It makes sense that David F. Arnold chose a gryphon, aka griffin, as the symbol for his business, Gryphon Interiors. That mythical beast has a lion’s body and an eagle’s head and wings, and Arnold fulfills more than one role when he is designing a home’s interior.
“This is a relational business – there must be chemistry between designer and client,” he said. “People usually come to me through referrals, and stay with me because we clicked. I’m two parts artist, one part businessman and one part psychiatrist. I have to get inside their heads and give them what they never knew they wanted.”
A native of upstate New York, Arnold considers himself “a Southern boy” by virtue of having lived in Atlanta and Columbia, S.C., for 14 years. As a student in the 1970s at Kansas State University, he focused on architecture and design.
“I realized early on that I loved the aesthetics of architecture, but didn’t care much for the structural part. That’s why God made engineers,” he said. “I wanted to do something related to interiors, so I started taking electives in interior design, which were in the college of home economics. My architecture adviser said scornfully, ‘Are you going to learn to cook and sew as well?’ Actually, I did learn to cook, but not there.”
By graduation day, a worldwide energy crisis meant that “no one was building houses.” Switching gears, he earned a master’s degree from the University of South Carolina in healthcare administration, which enabled him to build a solid 20-year career while accepting freelance interior design projects. One client hired him to redo her rooms several times during those decades, as her life changed.
A year after moving to Louisville in 2000, he opened Gryphon Interiors. Until this past February, he owned a retail store in St. Matthews that sold furniture, accessories and artwork. He closed it in order to concentrate on interior design.
“This is what I’ve always wanted to do, and it is the soul of my business,” he said. “The retail portion turned out to be a bother.”
David’s clients, most of whom live “north of 42” as well as in Indian Hills, Anchorage and Prospect, want “classic, functional interiors” that respect the architecture of their homes. Since his is a one-man business, they know that the work will be done entirely by him, not by an assistant.
“Occasionally I’m asked for a design that is contemporary, which for me means classic contemporary – not hard and edgy. We tend to be more comfortable in things that are familiar to us,” he said. “Edgy contemporary rooms look great in photos, but they’re hard to live in.

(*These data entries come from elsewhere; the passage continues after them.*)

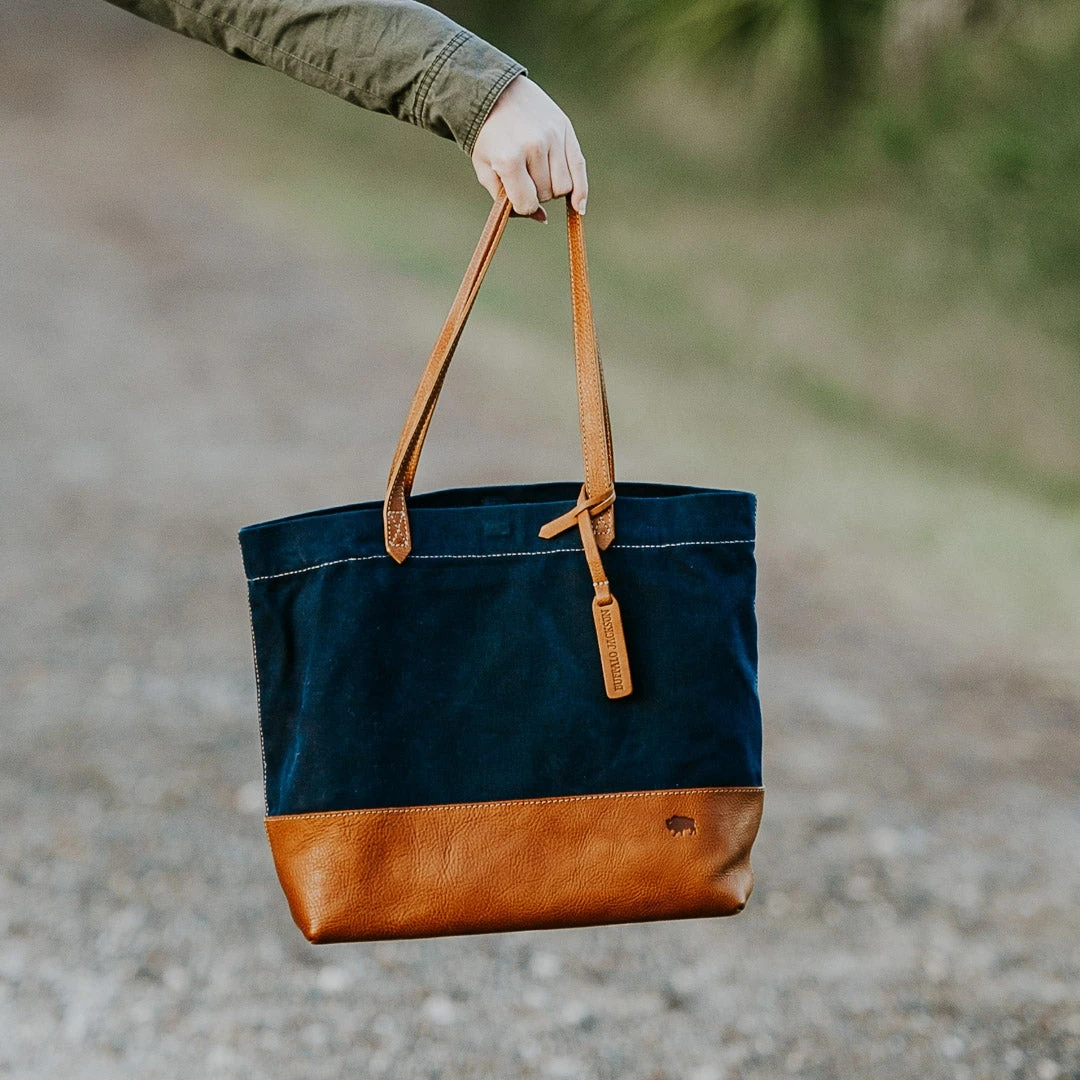 Buffalo Jackson Trading Co. Madison Waxed Canvas Tote Bag | Navy W/ Saddle Tan Leather 14 Buffalo Jackson Trading Co. Madison Waxed Canvas Tote Bag | Navy W/ Saddle Tan Leather
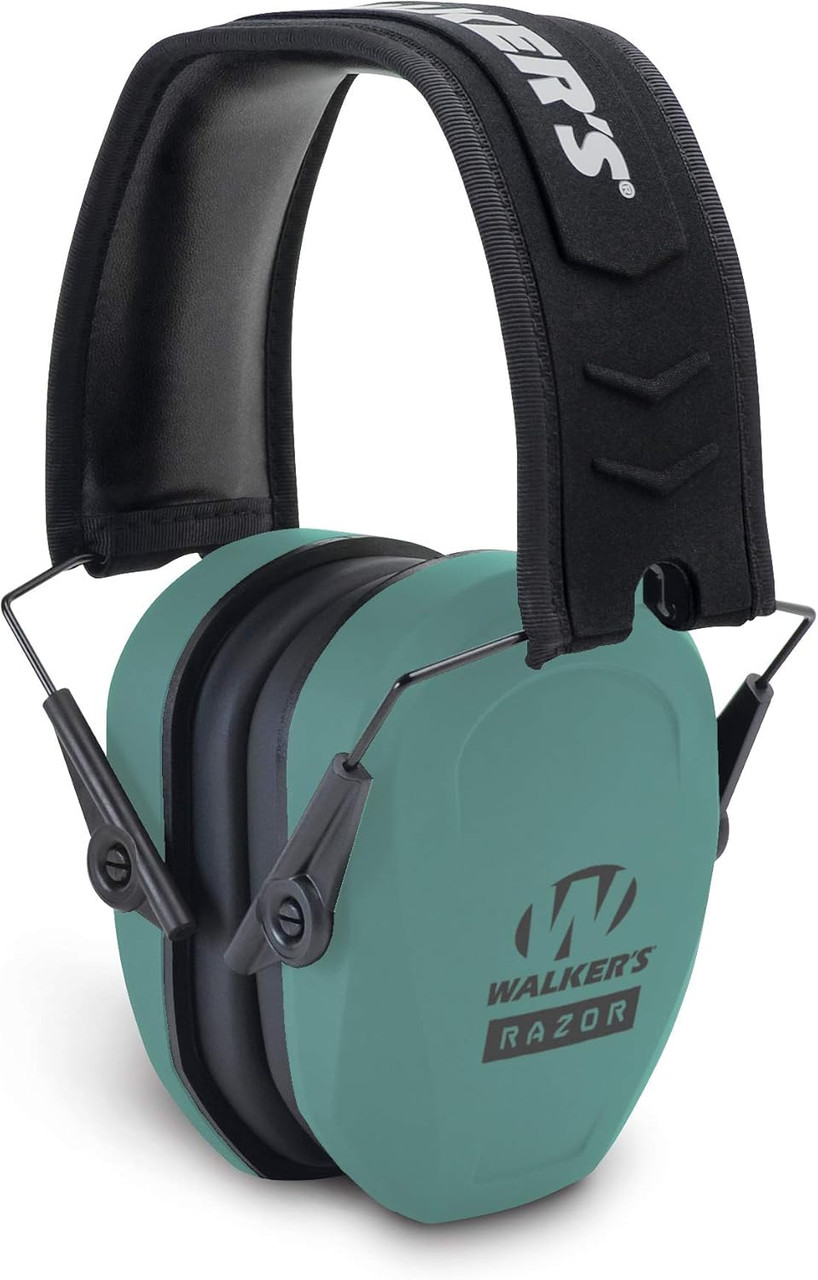 Walker's Razor Slim Passive Muffs Ultra Low Profile Rubberized Coating Teal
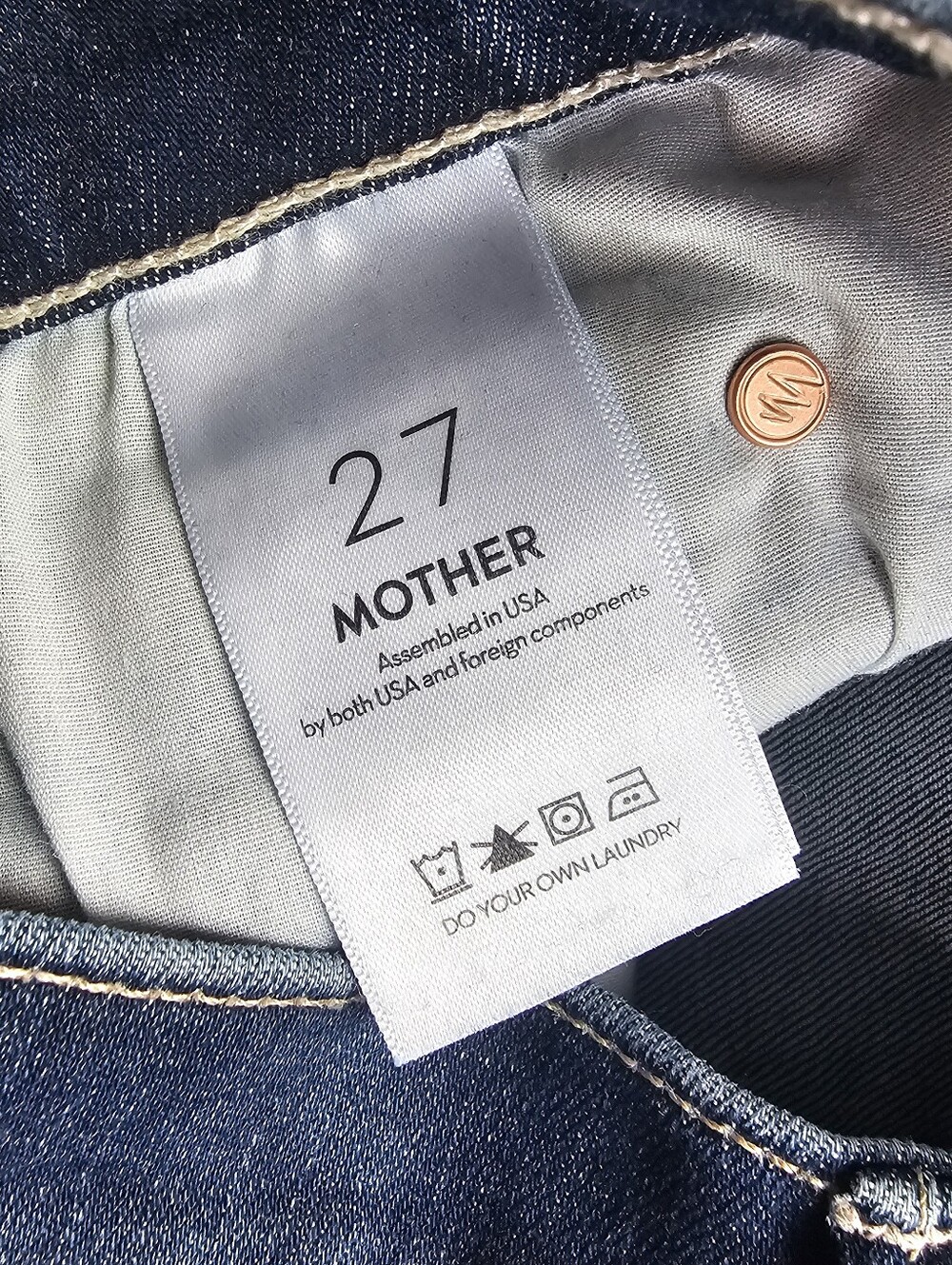 NWOT Mother Size 27 High Waisted Runaway Slim Flare Jeans In Teaming Up Wash - Picture 7 of 10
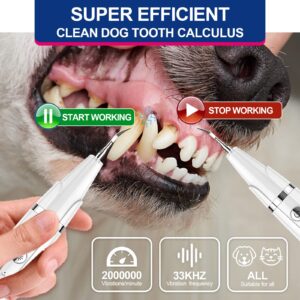 Ninieleph Teeth Cleaner for Dogs, Dog Teeth Cleaning, Dog Ultrasonic Tartar Remover, Keep Dog Teeth Health. (White)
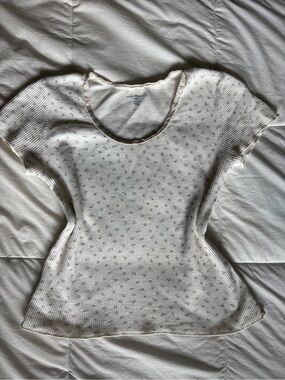Brandy Melville Cream Waffle Top with Blue Floral Print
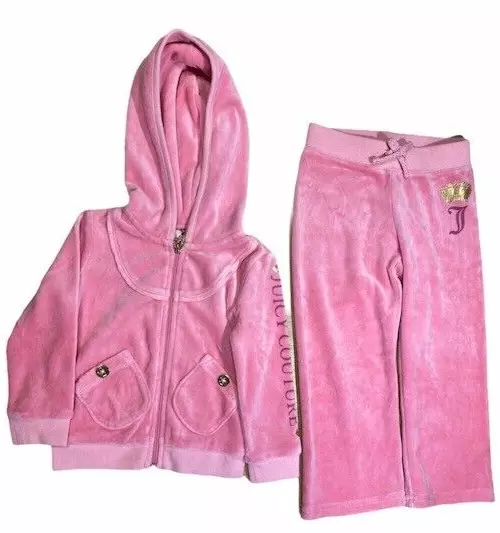 Felpa con cappuccio JUICY COUTURE per ragazze rosa cerniera velluto top tuta inferiore set 2 pz età 2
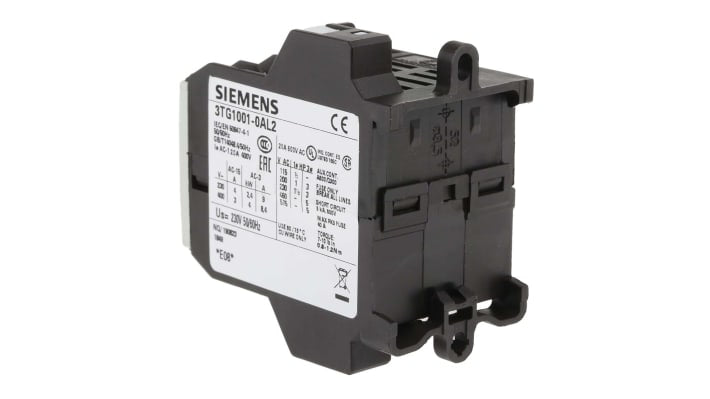 Contattore Siemens 3TG1001-0AL2, 4 poli, 20 A, bobina 230 V, montaggio su guida DIN, dimensioni 62 x 36 x 60 mm.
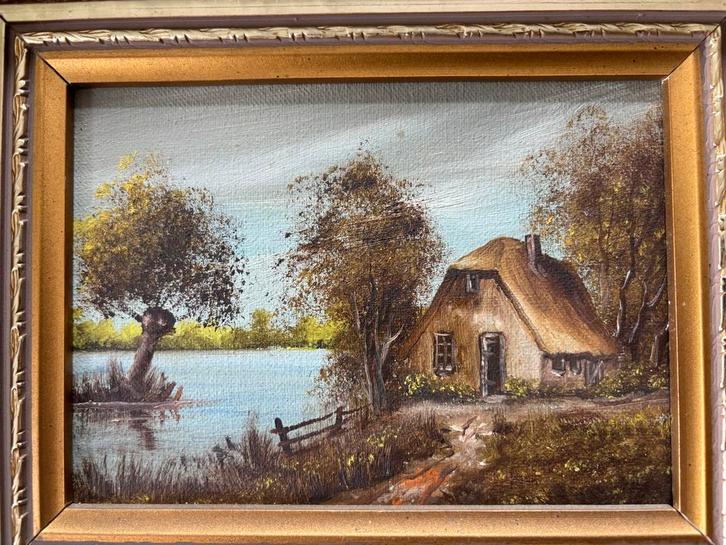 CH Diemer Schilderij - Landschap met huis, Antiek en Kunst, Kunst | Schilderijen | Klassiek, Ophalen of Verzenden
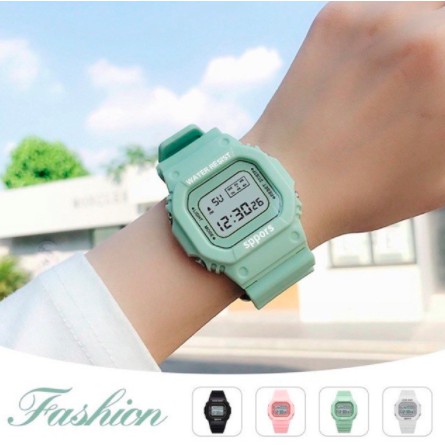 BAJ JAM TANGAN DIGITAL RUBBER PRIA BAJ WANITA SEGI DW-5600 GROSIR MURAH KARET SPORT LED MOTIF BUNGA DAN POLOS COUPLE JF052 C8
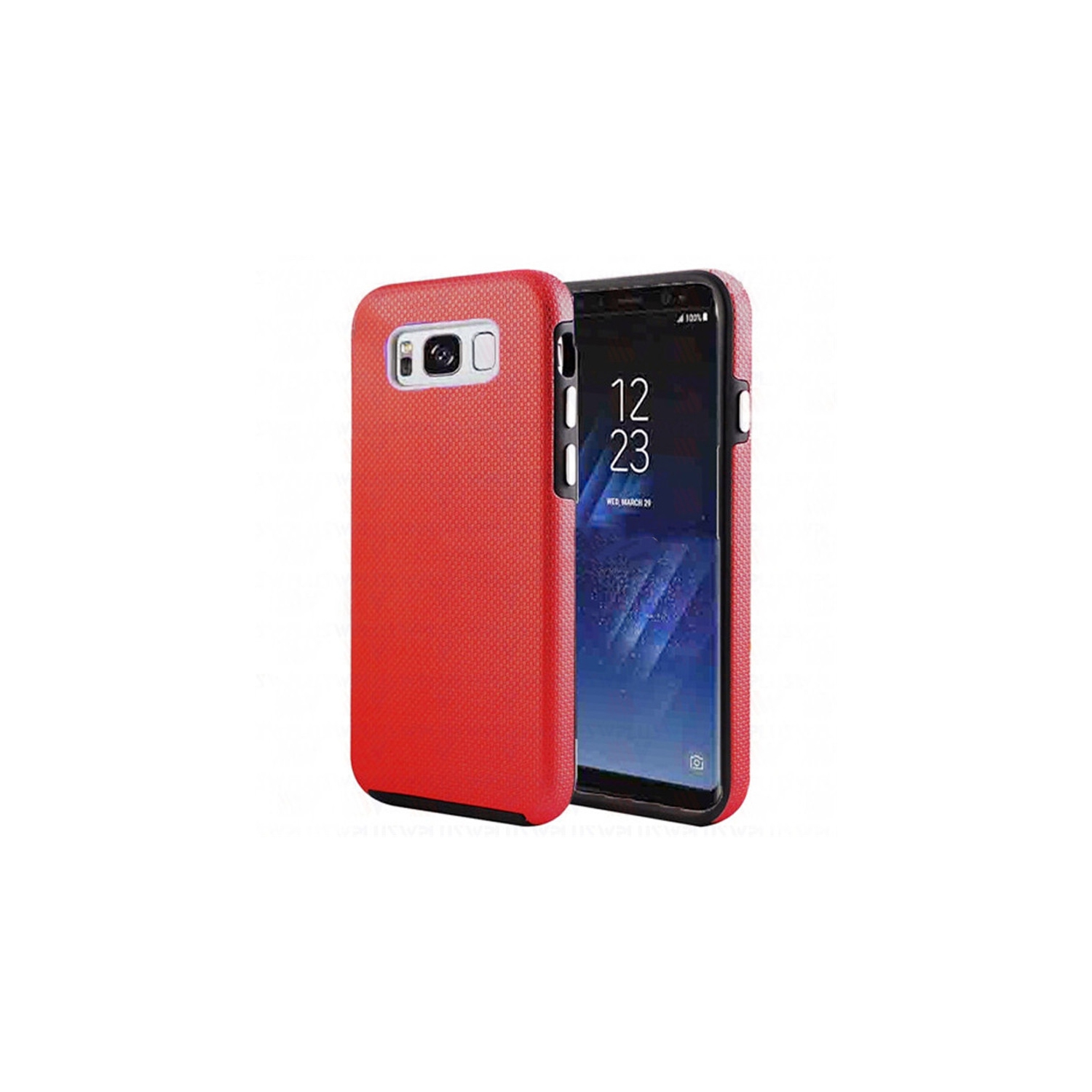 【CSmart】 Slim Fitted Hybrid Hard PC Shell Shockproof Scratch Resistant Case Cover for Samsung Galaxy S8, Red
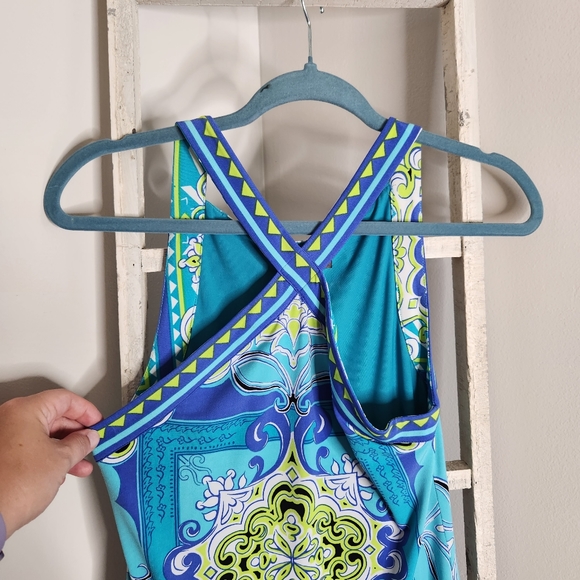 HaleBob dress womens size XS printed cross neckline mini dress blue green white - Picture 3 of 5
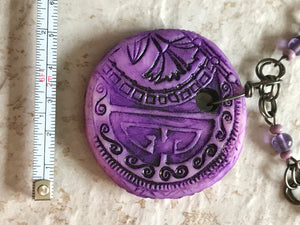 Amethyst Statement Necklace, Handmade Pendant with Hematite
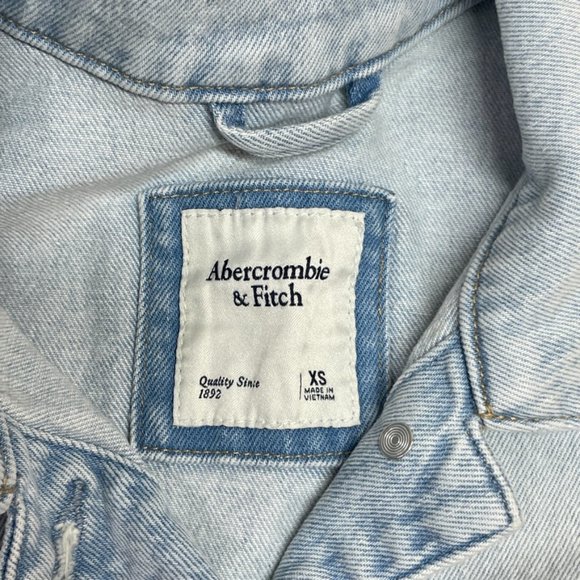 Abercrombie & Fitch Soft Blue Denim Jean Jacket Moto Elastic Waist - Picture 6 of 16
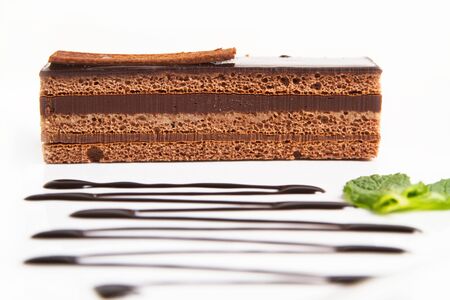 Chocolate cake with chocolate syrup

If you put a magazine down, you’ve ruined the look. My rooms tend to be very social, with comfortable seating. Your house feels like home, not like you just walked onto a stage set.”
Home should be a place that nurtures and lets us decompress, he added. Giving an updated accent to traditional, time-honored style is the way to avoid one of Arnold’s aphorisms: Today’s fashion is tomorrow’s regret.
“If you want to be edgy, do it in a way you can easily change. Keep the core of the design well-grounded,” he advised. “Orange is hot right now, so use it for some throw pillows or paint the room orange. Re-painting a wall is easy – re-covering a sofa is not.”